Skepticism & Critical Thinking are Vital Habits
Skepticism and critical thinking are not tools that can or should be used randomly or inconsistently. They are difficult skills that can be challenging to apply, especially with favored or popular beliefs. This is why these skills flourish best when they become habits. Making them habits allows us to use them more often and more effectively. If you really are going to develop habits of skepticism, though, you have to include theism and religious beliefs among the subjects you apply the skills to. That remains true regardless of whether any sort of god or gods exist or not and regardless of whether any religions to true/valid or not.
Religion Should Not Be Privileged
It's popular to privilege religion and theism in a variety of ways, including by exempting them from the sorts of challenges, questions, and criticisms that are regularly applied to other opinions and ideologies. This tendency is completely inappropriate because neither religion nor theism deserves to be exempted from critical scrutiny or probing questions.
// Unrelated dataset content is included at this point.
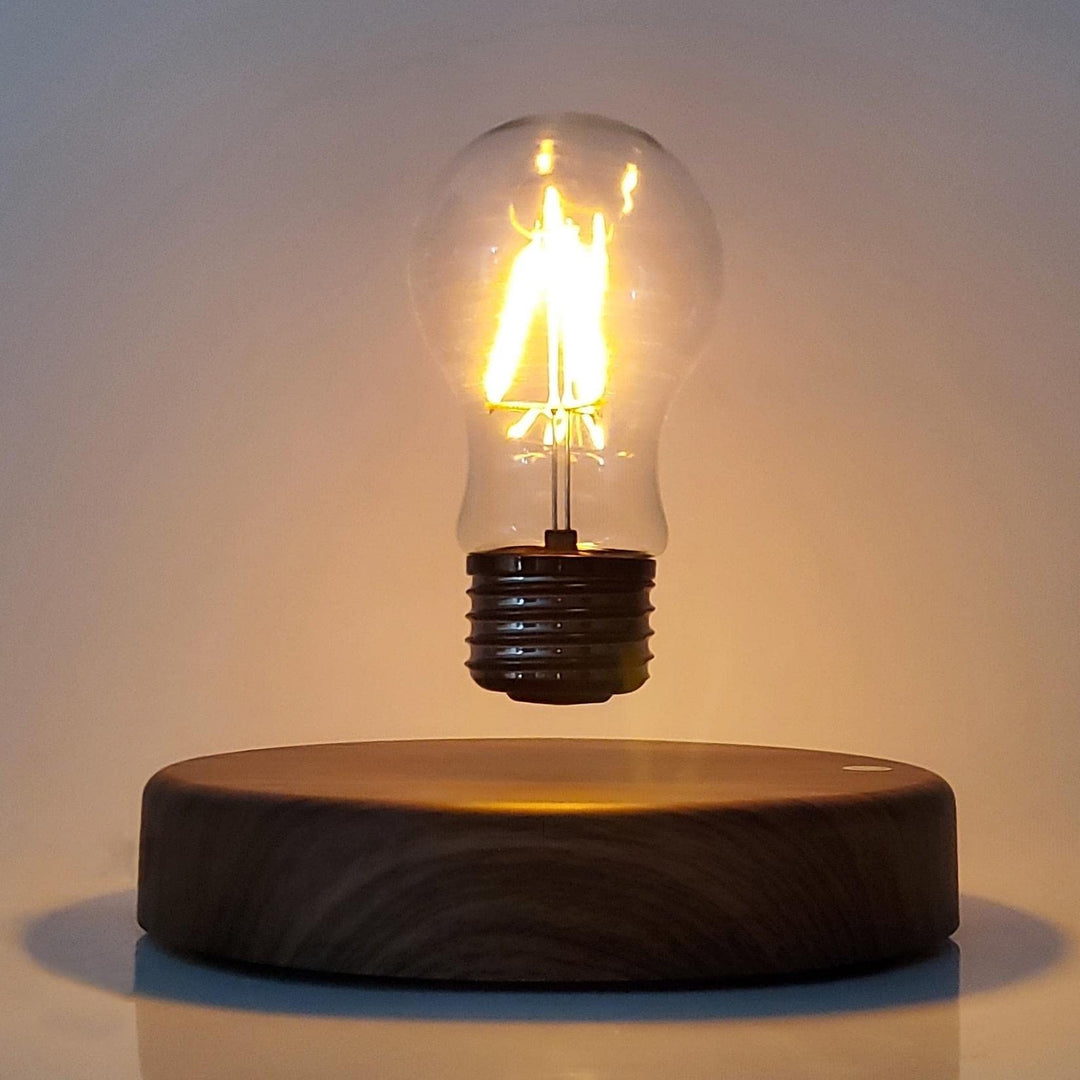 HCNT Levitating Bulb Lamp Magnetic Floating LED Light Desk Lamp Table lamp Night Light, 360 Degree Automatic Rotating Light for Unique Gifts Room Home Office Decor 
No one objects to questioning other opinions, so why object to questions here — unless, of course, one's belief is insecure and one suspects that the questions might reveal that the belief if flawed or even wrong?
Religious Leaders Should Not Be Privileged
So many believers tend to accept whatever their religious leaders tell them about gods, faith, scripture, heaven, etc. No religious leader is perfect, though, so there's no good reason for not questioning their claims. Religious leaders are every bit as human and fallible as their followers. They don't seem to be any smarter, on average, and many aren't even necessarily any better educated. Accepting their claims about the supernatural without question only feeds their egos and their power; it doesn't serve the interests of truth.
Religious Claims Have Been Proven Wrong So Often
The number of religious claims that have been proven wrong, if not absurd, is so large that it probably isn't even possible to create a list. Even religious theists will agree that if we were to create a list of all religious beliefs ever held by humans, most would be wrong. Given this incredibly poor record, how reliable can we treat the relatively small number of claims that are still being disputed? Of course, this isn't proof that they are definitely wrong, but it does suggest that religions do not produce reliable, accurate information and knowledge. That should give us good reasons for skepticism.
Not Everyone's God Can Exist
Large numbers of people have believed in a god or gods over the millennia, but they've all believed in different gods. It's not possible for them to all exist which means that most of these beliefs (if not all) have been wrong. Maybe you happen to be one of the few who happen to be right and happen to believe in the only god or gods on that long list which actually exist, but the chances of that aren't very high. This should be a good reason to ask hard questions about theism and religion. To not ask those questions would be incredibly arrogant.
God's Job Description Has Been Shrinking
Anyone who looks at the history of Western theology over the past couple of centuries will notice that God has been given less and less to do. At one time God and other supernatural beings had responsibility over diseases, but now they belong to the realm of medical science. At one time God had responsibility for the weather, but now it's a matter of meteorological science.
The more we learn about the world, the more things that become the subject of scientific inquiry — and the less authority the supernatural is given. At no point have we learned anything that has expanded the scope of responsibilities for any gods or any alleged supernatural beings; at no point has anything been moved from a scientific field to theology. And there's no reason to think that will happen in the future, either.